Records supplied »
▬▬▬▬▬▬▬▬▬▬
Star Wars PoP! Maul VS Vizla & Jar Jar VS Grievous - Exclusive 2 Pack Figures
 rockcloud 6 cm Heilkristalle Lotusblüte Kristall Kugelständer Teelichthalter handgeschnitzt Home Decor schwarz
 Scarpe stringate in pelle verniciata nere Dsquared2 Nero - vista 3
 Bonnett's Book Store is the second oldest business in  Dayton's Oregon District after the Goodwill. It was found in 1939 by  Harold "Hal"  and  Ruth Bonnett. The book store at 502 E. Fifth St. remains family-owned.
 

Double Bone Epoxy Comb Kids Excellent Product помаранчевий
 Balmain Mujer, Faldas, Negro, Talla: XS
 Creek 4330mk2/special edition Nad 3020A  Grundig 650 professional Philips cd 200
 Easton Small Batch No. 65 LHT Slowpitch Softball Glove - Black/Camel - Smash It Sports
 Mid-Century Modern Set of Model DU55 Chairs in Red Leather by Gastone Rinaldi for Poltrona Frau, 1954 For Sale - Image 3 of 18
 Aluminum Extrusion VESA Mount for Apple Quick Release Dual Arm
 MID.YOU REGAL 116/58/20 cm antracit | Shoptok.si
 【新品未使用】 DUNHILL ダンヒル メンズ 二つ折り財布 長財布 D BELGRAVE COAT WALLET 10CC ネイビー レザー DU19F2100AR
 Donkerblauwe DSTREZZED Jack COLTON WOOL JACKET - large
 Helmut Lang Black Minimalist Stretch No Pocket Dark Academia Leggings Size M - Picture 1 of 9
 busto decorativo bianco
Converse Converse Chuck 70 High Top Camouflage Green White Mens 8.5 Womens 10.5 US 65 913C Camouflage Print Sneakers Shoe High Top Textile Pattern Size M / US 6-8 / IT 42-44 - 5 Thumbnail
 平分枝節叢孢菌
▬▬▬▬▬▬▬▬▬▬
What is being asked » Every entry is to be transcribed exactly as it stands.

Solution for this task »
Star Wars PoP! Maul VS Vizla & Jar Jar VS Grievous - Exclusive 2 Pack Figures
 rockcloud 6 cm Heilkristalle Lotusblüte Kristall Kugelständer Teelichthalter handgeschnitzt Home Decor schwarz
 Scarpe stringate in pelle verniciata nere Dsquared2 Nero - vista 3
 Bonnett's Book Store is the second oldest business in  Dayton's Oregon District after the Goodwill. It was found in 1939 by  Harold "Hal"  and  Ruth Bonnett. The book store at 502 E. Fifth St. remains family-owned.
 

Double Bone Epoxy Comb Kids Excellent Product помаранчевий
 Balmain Mujer, Faldas, Negro, Talla: XS
 Creek 4330mk2/special edition Nad 3020A  Grundig 650 professional Philips cd 200
 Easton Small Batch No. 65 LHT Slowpitch Softball Glove - Black/Camel - Smash It Sports
 Mid-Century Modern Set of Model DU55 Chairs in Red Leather by Gastone Rinaldi for Poltrona Frau, 1954 For Sale - Image 3 of 18
 Aluminum Extrusion VESA Mount for Apple Quick Release Dual Arm
 MID.YOU REGAL 116/58/20 cm antracit | Shoptok.si
 【新品未使用】 DUNHILL ダンヒル メンズ 二つ折り財布 長財布 D BELGRAVE COAT WALLET 10CC ネイビー レザー DU19F2100AR
 Donkerblauwe DSTREZZED Jack COLTON WOOL JACKET - large
 Helmut Lang Black Minimalist Stretch No Pocket Dark Academia Leggings Size M - Picture 1 of 9
 busto decorativo bianco
Converse Converse Chuck 70 High Top Camouflage Green White Mens 8.5 Womens 10.5 US 65 913C Camouflage Print Sneakers Shoe High Top Textile Pattern Size M / US 6-8 / IT 42-44 - 5 Thumbnail
 平分枝節叢孢菌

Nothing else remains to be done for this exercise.